Through this transition, school facilities and systems continued to age, with mounting deferred maintenance costs to address the aging of school facilities that had expanded exponentially in the 80’s & 90’s with no clear funding stream to address the needs. Deferred maintenance issues and costs are at an all time high and require significant expenditures to keep schools up and running as safe, comfortable and clean environments for students and teachers.
Like so many school districts in California, Pleasant Ridge School District has not been immune to these dynamic facility challenges This Facility Improvement Plan has been prepared as a first step towards meeting those challenges. Next steps include; the prioritization of needs, readiness for unexpected systems failures that will require immediate attention, determination of funding sources and leadership to promote community commitment toward realizing a comprehensive and successful Facility Improvement Plan.


To start the assessment process a foundation of information was needed, including; building and site plans, agency approval status, age of structures and systems, square footage of buildings and site features, and a history of prior improvements. Community Architecture obtained a complete archive of building plans from the Office of the State Architect (DSA).

To gain a better understanding of the District’s needs and overall assessment of the condition of the District’s facilities, Community Architecture, and a team of highly experienced engineers and consultants specializing in public K-12 school facilities, performed multiple site walks. As walks were conducted and preliminary assessments were made, the scope of the Improvement Plan was refined to address desired program improvements.

Archive documents were cross-referenced to current school / campus maps and new electronic plans (AutoCAD and PDF file formats) were created. These plans then became the basis for square footage computations of all sorts; overall building, roof and floor replacement quantities, baselines for determining replacement costs and modernization costs, documenting the original construction date of buildings for the purpose of determining the probable life-expectancy of roofing systems and heating, ventilation and air-conditioning (HVAC) equipment and critical life-safety systems such as fire alarm systems.

Organization and Use of the Plan

The Plan is structured in a somewhat linear fashion, beginning with an overview of the facilities, followed by site assessments, that then leads to descriptions of program improvements, deferred maintenance scope and preliminary cost estimates for each, supported by historic building and cost information to aid in current and future planning. In the preparation of the Improvement Plan two primary goals emerged.

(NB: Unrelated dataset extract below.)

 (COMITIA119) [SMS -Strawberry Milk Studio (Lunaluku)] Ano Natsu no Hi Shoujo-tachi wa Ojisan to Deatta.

One, that it be useful now to understand the District’s current needs, and Two, that it becomes a reliable tool for future panning purposes.

In addition to the Improvement Plan, the District also now possesses a complete archive of historic construction documents, organized for ease of access and retrieval in both AutoCAD and PDF file formats, a variety of Excel files for calculating areas, uses, costs, cost factors, age of facilities and systems and associated agency approval status.

Thanks to the Participants

Community Architecture wishes to express our thanks and gratitude to the engineers and advisors who participated in the consulting, assessment and estimating process and a very special thank you to Rusty Clark, Superintendent, Gregg Motarjeme, Assistant Superintendent and Liz Randall, Assistant Director of Maintenance for their guidance and encouragement, the access given to the team to tour and evaluate the facilities, their open dialogue and for their critical input and review as the Facility Improvement Plan was being prepared.